1:27:30 It's not equal. On Keta Ji, Fi is an isomorphism between Fi and UiJ, and J is an UiJ. It makes no sense to say that there is equality. On the other hand, if I take an intersection of 3, 8, k, zeta, if I make an isomorphism of zeta, k, z, which I compose with zeta, y, y, I would have an equality with zeta, k, y. It's not an isomorphism because you don't have time. Lx is equal to Lx, Lx is equal to Lx, Lx is equal to Lx, Lx is equal to Lx, Lx is equal to Lx, Lx is equal to Lx, Lx is equal to Lx, Lx is equal to Lx, Lx is equal to Lx, Lx is equal to Lx, Lx is equal to Lx, Lx is equal to Lx, Lx is equal to Lx, Lx is equal to Lx, Lx is equal to Lx, Lx is equal to Lx, Lx is equal to Lx, Lx is equal to Lx, Lx is equal to Lx, Lx is equal to Lx, So there is still the question of the third interception, composed with fj, ui, ui, k, then in sk, ui, ui, k, there I have theta, there I have theta, k, j, and we see that in form of si, zeta, ui, ui, k, sk, zeta, ui, ui, k, and there I have theta, ui, ui, k.
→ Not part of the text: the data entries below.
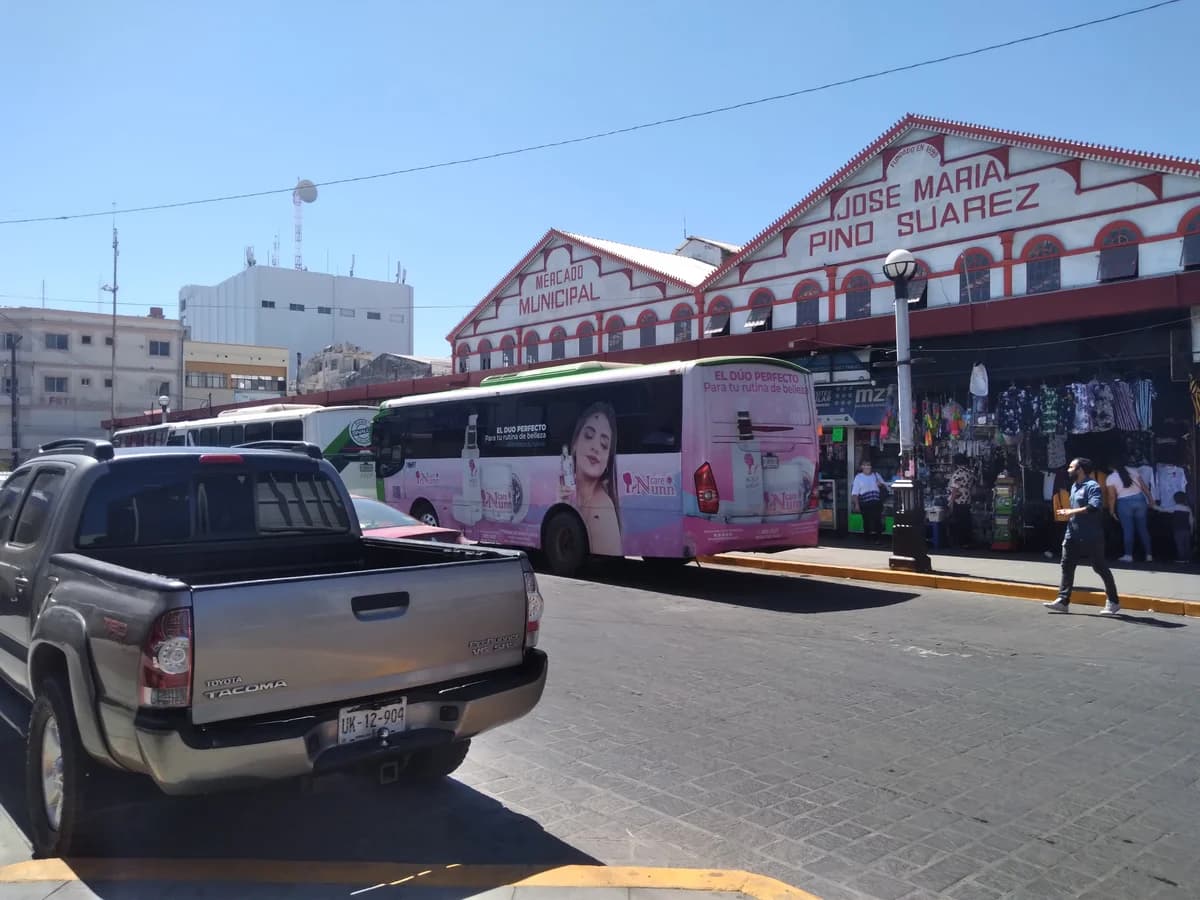 Dégustation de fruits de mer au Mercado Pino Suárez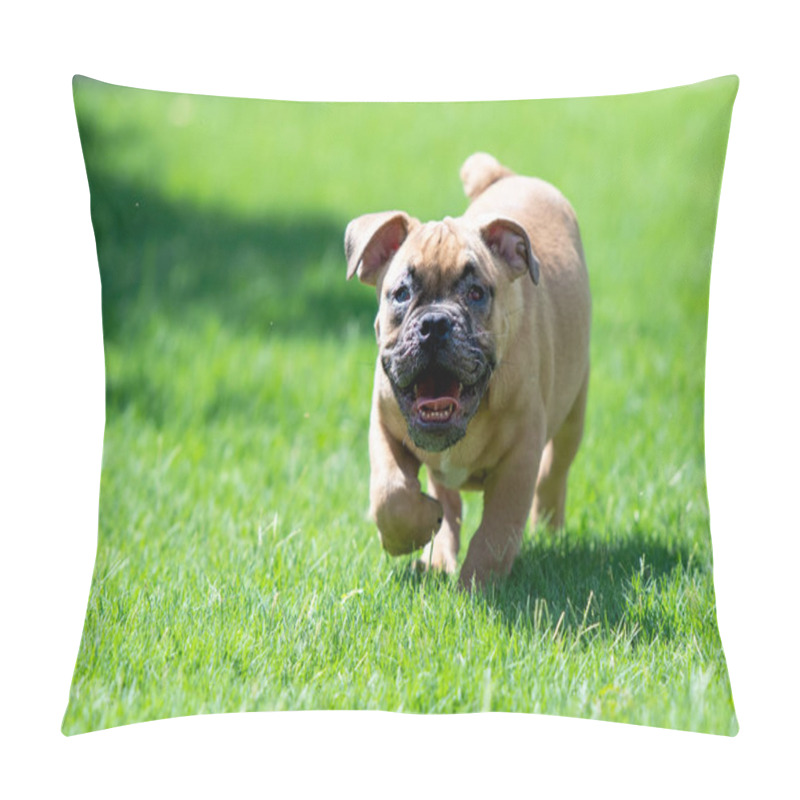 Personality  Blind Bulldog Puppy Running In The Grass Pillow Covers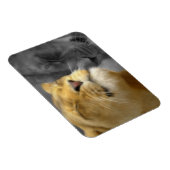 Lion in Love Magneet (Rechterzijde)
So the idea is that in the symbol,

1:30:00 All of these are related to the equation of the equation of the equation of the equation of the equation of the equation of the equation So you can see that if we start with a TSO-S, and when it comes to natural isomorphisms, these isomorphisms deserve this condition, which we call the impossibility condition. So the project is the reciprocal. Now we're not going to start with a TSO-S, we're going to start with a TSO-SI family, and we'll come back to it. I'm going to read a few of them.